The flux enforcement approach creates further constraints on how the metabolic fluxes in the system can be balanced at steady state. In the case of flux enforcements involving THRD this reduced set seems to leave only certain flux distributions to be possible that are specifically less optimal for the virus’ biomass biosynthesis, but still optimal for host maintenance function to be fulfilled. Expected from this, we found that the effective flux enforcements relate to compositional differences between the viral biomass and host maintenance functions, as illustrated in Figure 4 for the case of the enforcement of THRD and succinate dehydrogenase (SUCD1m). In the optimal flux distribution for SARS-CoV-2 production in the unmodified model, threonine is obtained from the medium through a threonine:leucine shuttle, with both of these amino acids being in relatively similar demand between host and virus requirements. In the case of THRD and SUCD1m fluxes enforced to specific ranges, threonine is instead obtained through a threonine:isoleucine shuttle and is now further intertwined with the arginine:isoleucine shuttle (Figure 4). This shift in fluxes happens because the flux enforcement of SUCD1m, a reaction of the TCA cycle, decreases the flux of the previously observed valine shuttle (see Figure 2) and increases the flux of alternative mitochondrial shuttle reactions including one involving leucine (see Figure 4). The reduced availability of leucine causes the utilisation of isoleucine and arginine for threonine, thereby creating a trade-off among these amino acids. Crucially, arginine is the highest and isoleucine the third highest differentially demanded amino acid when comparing virus vs. host requirements (Figure 3). This is why the described trade-off situation among these amino acids and threonine, caused by the flux enforcement, differentially impacts the SARS-CoV-2 biomass production more than it effects host maintenance.

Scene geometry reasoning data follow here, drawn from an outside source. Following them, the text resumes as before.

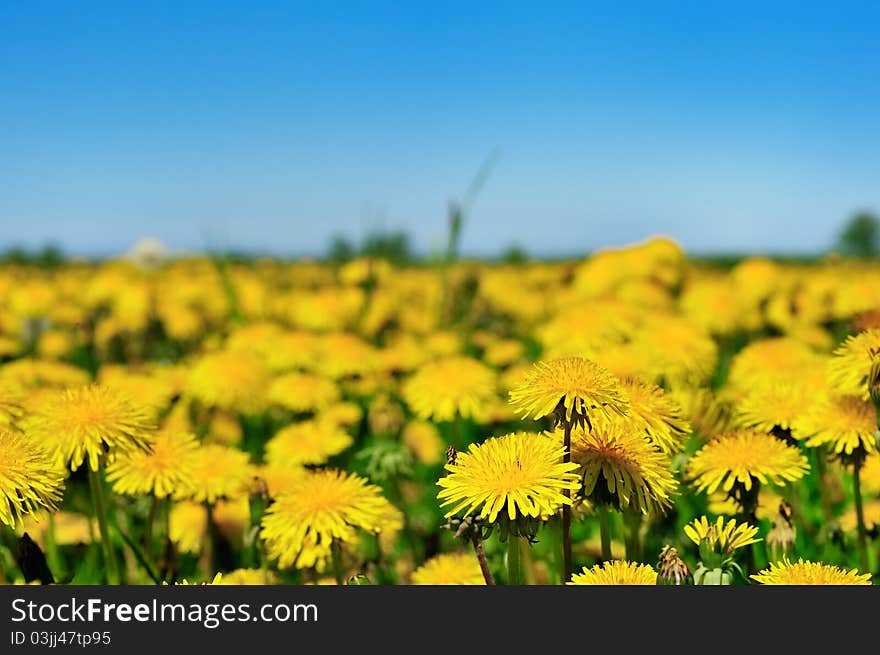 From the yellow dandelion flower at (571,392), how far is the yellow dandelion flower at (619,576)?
19cm

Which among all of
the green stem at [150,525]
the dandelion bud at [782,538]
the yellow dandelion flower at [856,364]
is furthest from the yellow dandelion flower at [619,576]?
the green stem at [150,525]

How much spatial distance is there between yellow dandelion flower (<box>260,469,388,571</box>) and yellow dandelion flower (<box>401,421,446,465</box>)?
140cm

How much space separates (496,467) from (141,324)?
386cm

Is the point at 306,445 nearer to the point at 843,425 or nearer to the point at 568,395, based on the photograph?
the point at 568,395

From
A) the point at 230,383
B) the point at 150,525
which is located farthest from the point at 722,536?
the point at 230,383

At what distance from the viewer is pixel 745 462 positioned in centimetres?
126

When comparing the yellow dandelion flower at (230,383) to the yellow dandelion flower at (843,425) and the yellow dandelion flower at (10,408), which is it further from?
the yellow dandelion flower at (843,425)

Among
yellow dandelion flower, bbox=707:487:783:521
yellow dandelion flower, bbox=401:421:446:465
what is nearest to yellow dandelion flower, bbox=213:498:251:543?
yellow dandelion flower, bbox=401:421:446:465

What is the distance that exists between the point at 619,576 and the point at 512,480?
6.7 inches

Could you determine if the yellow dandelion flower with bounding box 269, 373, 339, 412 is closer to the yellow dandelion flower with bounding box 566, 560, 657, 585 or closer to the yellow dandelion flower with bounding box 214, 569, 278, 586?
the yellow dandelion flower with bounding box 214, 569, 278, 586

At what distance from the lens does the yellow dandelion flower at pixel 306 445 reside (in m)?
1.73

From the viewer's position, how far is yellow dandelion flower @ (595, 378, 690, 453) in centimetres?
116

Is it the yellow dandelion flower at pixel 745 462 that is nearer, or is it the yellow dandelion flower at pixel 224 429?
the yellow dandelion flower at pixel 745 462

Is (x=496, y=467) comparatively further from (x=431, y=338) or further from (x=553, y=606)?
(x=431, y=338) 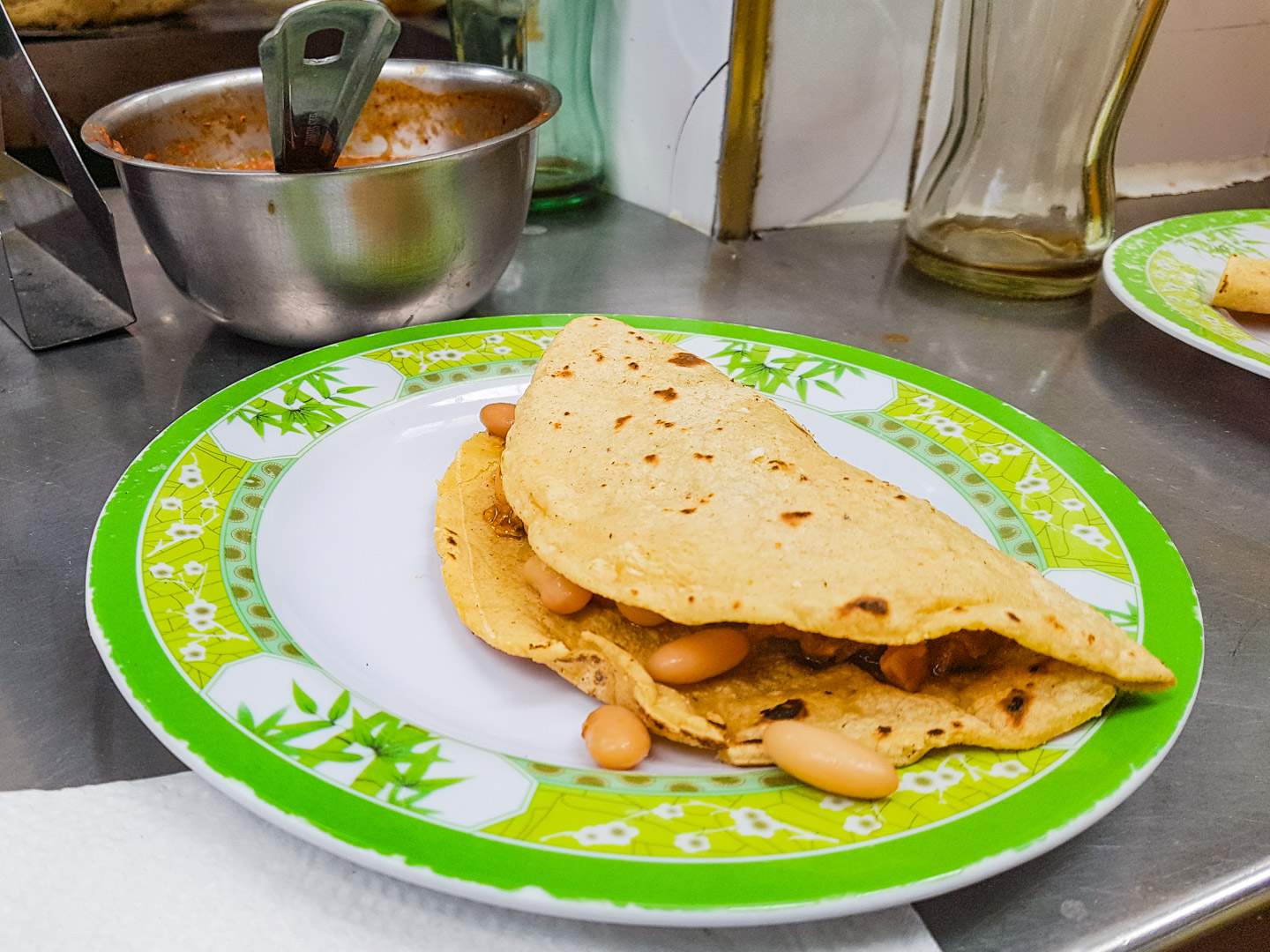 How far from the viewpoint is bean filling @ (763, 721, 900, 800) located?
0.60 metres

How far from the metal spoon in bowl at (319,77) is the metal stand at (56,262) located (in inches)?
13.0

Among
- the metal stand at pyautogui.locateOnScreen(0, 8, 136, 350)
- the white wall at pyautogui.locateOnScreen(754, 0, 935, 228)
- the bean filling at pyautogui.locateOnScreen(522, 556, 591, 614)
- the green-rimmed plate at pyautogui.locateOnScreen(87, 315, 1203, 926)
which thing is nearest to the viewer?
the green-rimmed plate at pyautogui.locateOnScreen(87, 315, 1203, 926)

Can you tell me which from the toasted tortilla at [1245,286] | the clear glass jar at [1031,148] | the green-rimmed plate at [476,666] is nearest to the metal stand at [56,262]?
the green-rimmed plate at [476,666]

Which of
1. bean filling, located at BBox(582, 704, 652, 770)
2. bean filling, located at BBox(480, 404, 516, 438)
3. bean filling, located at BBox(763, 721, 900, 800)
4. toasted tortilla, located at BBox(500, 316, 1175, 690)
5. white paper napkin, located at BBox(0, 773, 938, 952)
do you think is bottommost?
white paper napkin, located at BBox(0, 773, 938, 952)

Current metabolic drugs exist that could target predicted reactions to inhibit production of SARS-CoV-2. The metabolic approach employed here allowed prediction of several reactions and reaction combinations that could limit SARS-CoV-2 production in human cells in general and differentially in human lung cells. The most significant of these are re-summarised in Table 1 as those reactions, the perturbation of which, can reduce virus production below 80% of the original. For these reactions, we evaluated their associated enzymes in the light of existing, approved drugs using the available small molecule inhibitor and drug database DrugBank (Wishart 2018). We found several existing drugs that could inhibit some of the predicted reactions including those targeting enolase (ENO), phosphoglycerate mutase (PGM), and SUCD1m (Table 2). These drugs could be used as a starting point to experimentally test the predictions made here, using in vitroassays. In addition to these identified small molecule inhibitors, we note that it might also be possible to achieve development of de novo metabolic gene knock-out approaches using recent CRISPR and RNA silencing approaches.